The majority (71%) of the responders maintained their early weight recovery through 6 years of age, whereas only 32% of the nonresponders achieved substantial growth improvement from 2 to 6 years of age. Proportionately fewer responders reported cough symptoms (10% daytime cough; 22% nighttime cough) compared with nonresponders (41% daytime cough; 45% nighttime cough) at age 6. The percentage of predicted forced expiratory volume in 1 second at age 6 was 11% higher in responders (99.5% +/- 13.9%) compared with nonresponders (88.3% +/- 18.5%). Responders had significantly better Brasfield (20.1 +/- 1.4) and Wisconsin chest radiograph (8.3 +/- 3.3) scores compared with nonresponders (Brasfield: 18.9 +/- 1.8; Wisconsin: 12.3 +/- 8.3). Respiratory microbiology results were not significantly different. Multiple regression analyses indicated that the positive association between responder and percent predicted forced expiratory volume in 1 second at 6 years of age remained statistically significant after controlling for infections with Pseudomonas aeruginosa and Staphylococcus aureus and chest radiograph scores.
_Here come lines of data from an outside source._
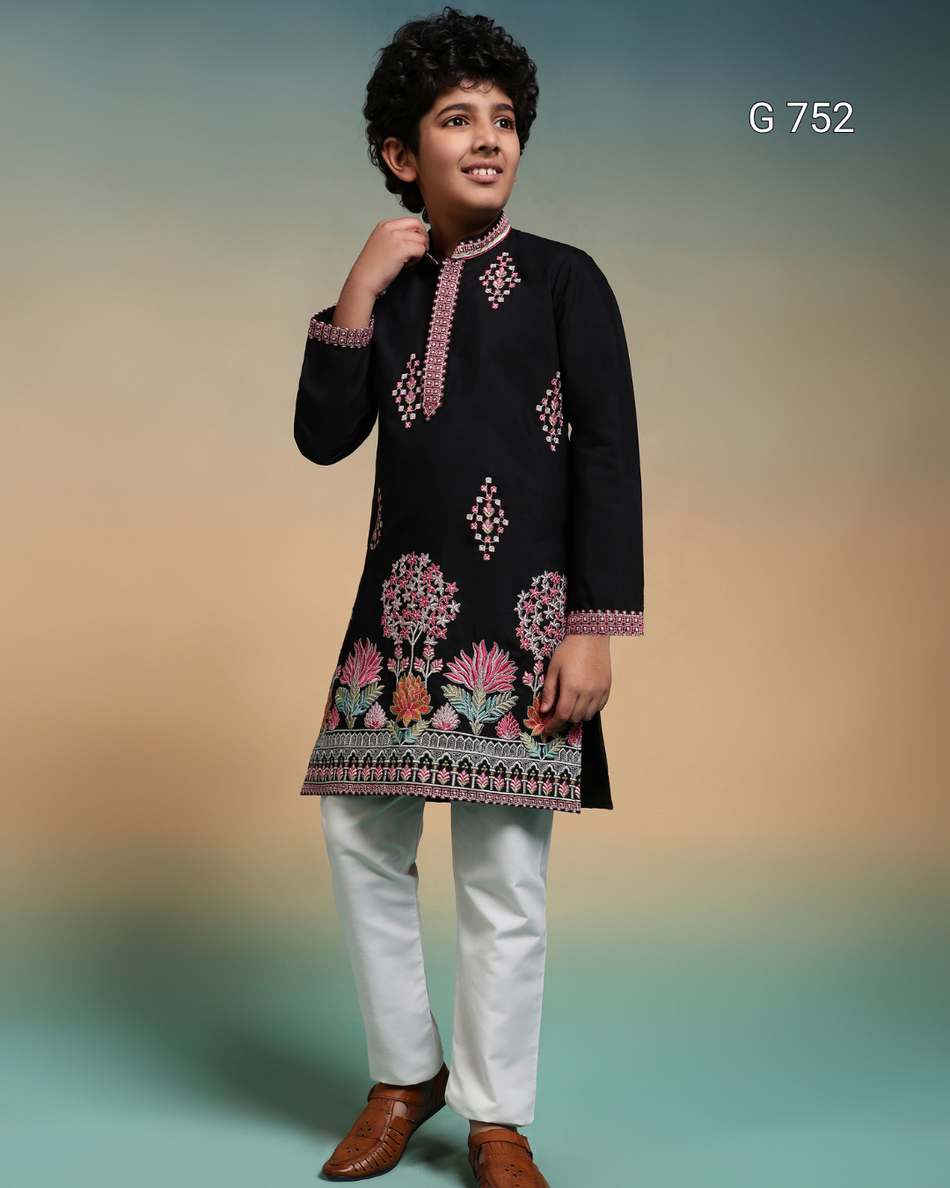 Premium Kids Kurta & Pant Set – Festive Viscose Silk & Cotton Outfit - G 752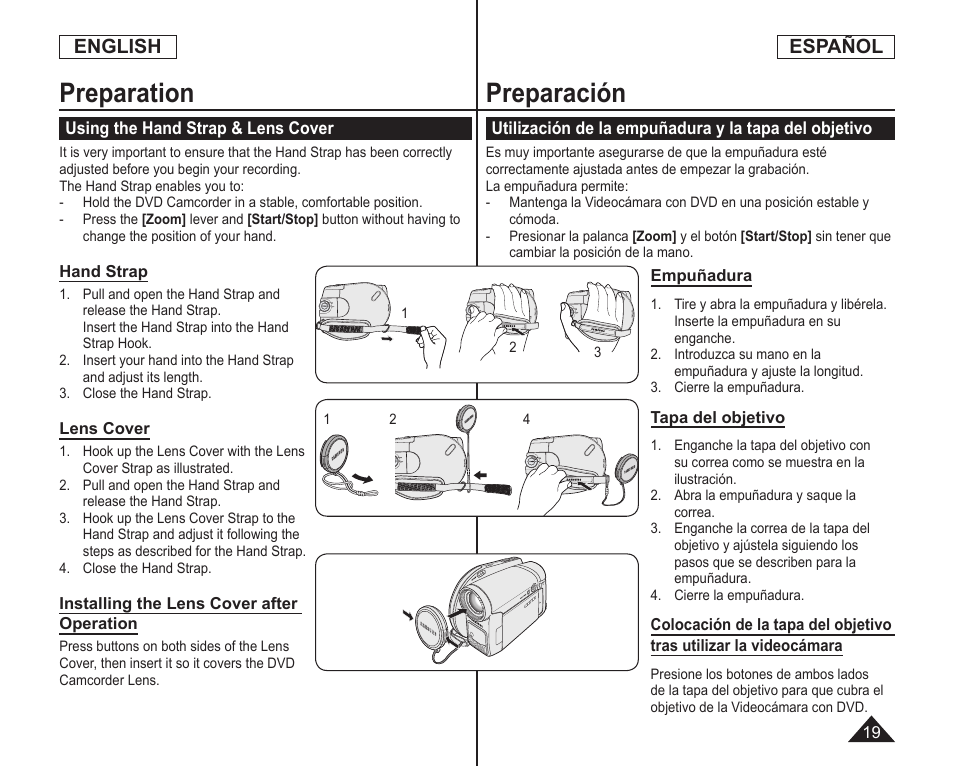 Preparation, Preparación, English | Español | Samsung SC-DC164-XAA User Manual | Page 19 / 128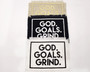 God Goals Grind iron on patches in various color combinations.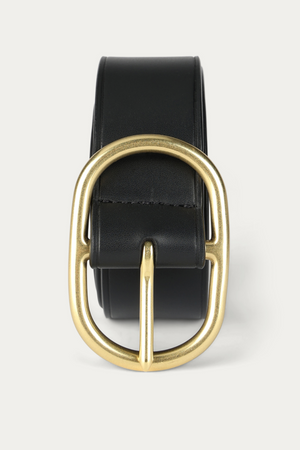 WIDE BELT OVAL BUCKLE BLACK/BRASS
Growth patterns from 2 to 6 years of age were not associated with pulmonary measures at age 6.
Patients with cystic fibrosis with pancreatic insufficiency who achieved early growth recovery within 2 years of diagnosis had fewer cough symptoms, higher lung function, and better chest radiograph scores at 6 years of age.
我们最近报告称,新诊断为囊性纤维化且伴有胰腺功能不全的儿童中,60%在开始治疗后有反应,并在诊断后2年内实现追赶性体重增加,达到与其出生体重Z评分相当的水平(“反应者”),而其余40%则未能如此(“无反应者”)。本研究探讨了这种早期体重恢复对6岁时后续生长模式和肺部状况的影响。
对63名患有胰腺功能不全但无胎粪性肠梗阻且参加了威斯康星州囊性纤维化新生儿筛查项目的囊性纤维化儿童进行了研究。反应者的定义为在诊断后2年内体重Z评分恢复到与出生时相当的水平。从2岁到6岁,通过身高和体重指数(BMI)来测量生长情况。通过症状、肺功能测定、定量胸部X线摄影和呼吸道微生物学评估肺部状况。
大多数(71%)反应者在6岁时仍保持早期体重恢复,而只有32%的无反应者在2岁至6岁期间实现了显著的生长改善。6岁时,与无反应者(41%白天咳嗽;45%夜间咳嗽)相比,反应者报告咳嗽症状的比例较低(10%白天咳嗽;22%夜间咳嗽)。6岁时,反应者一秒用力呼气容积占预计值的百分比(99.5%±13.9%)比无反应者(88.3%±18.5%)高11%。与无反应者(布拉斯菲尔德评分:18.9±1.8;威斯康星胸部X线摄影评分:12.3±8.3)相比,反应者的布拉斯菲尔德评分(20.1±1.4)和威斯康星胸部X线摄影评分(8.3±3.3)明显更好。呼吸道微生物学结果无显著差异。多元回归分析表明,在控制铜绿假单胞菌和金黄色葡萄球菌感染及胸部X线摄影评分后,反应者与6岁时一秒用力呼气容积占预计值百分比之间的正相关仍具有统计学意义。2岁至6岁的生长模式与6岁时的肺部指标无关。
诊断后2年内实现早期生长恢复的胰腺功能不全的囊性纤维化患者,6岁时咳嗽症状较少、肺功能较高且胸部X线摄影评分较好。